With little innovation in home improvement or consumer technology, Home Depot Inc. and Lowe’s Inc. and electronics retailer Best Buy Co. are biding their time until appliances such as refrigerators need replacing or the family desktop gives out. Electronics live on a three- to seven-year life cycle, Best Buy CEO Corie Barry told investors in May. Barry said retailers in the company’s category won’t get back to “a more normalised pace of meaningful innovation” until the end of the year or 2024. Although Home Depot and Lowe’s can cope with its mix of both big-ticket and small goods, Best Buy may not be so lucky. Its electronics are generally pricey and its slowdown in revenue growth in the last year along with increased promotions underscore the challenge it faces.
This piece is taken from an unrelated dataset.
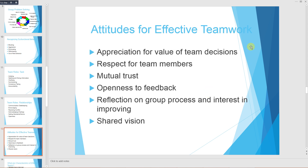Attitudes for effective teamwork include: appreciation for the value of team decisions, respect for team members, mutual trust, openness to feedback, reflection on group process and interest in improving, and shared vision.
To stay fresh, Target revamped its flagship Threshold offering with new branding and stronger price points, and it’s launching a new kitchenware line. By the end of the year, Dick’s Sporting Goods Inc. plans to expand its premium footwear business — where shoppers can be individually fitted for shoes — to more than 75% of its stores. Best Buy is the exclusive retailer for Roku’s new television, which serves personalised ads, and rolled out Oura Smart Rings, which track sleep and physical activity.

Then, there’s always the old-fashioned way to get consumers excited: discounts. For those retailers that can afford it, sales events this summer have drawn shoppers. The government said this week that retail sales among a control group — which feeds directly into gross domestic product — jumped 1% in July, the most since January, thanks in part to Amazon.com Inc.’s annual Prime Day. The company sales event helped push online sales up 1.9% in the month, according to the Commerce Department. The gains came even though Prime Day discounts were about the same or less this year compared with last year, according to Adobe Analytics.

The pandemic-era spending frenzy had to slow, and the headwinds for retailers may only get stiffer. Federal student loan payments resume in the fall, and Apollo Global Management Chief Economist Torsten Slok estimates that will subtract around $9 billion from consumer spending every month. Plus, the rise in interest rates may eventually dent consumption. But the experts have been predicting that for last 18 months, and yet the American consumers has proven surprisingly resilient. Retailers just need to find a way to shake them out of their boredom.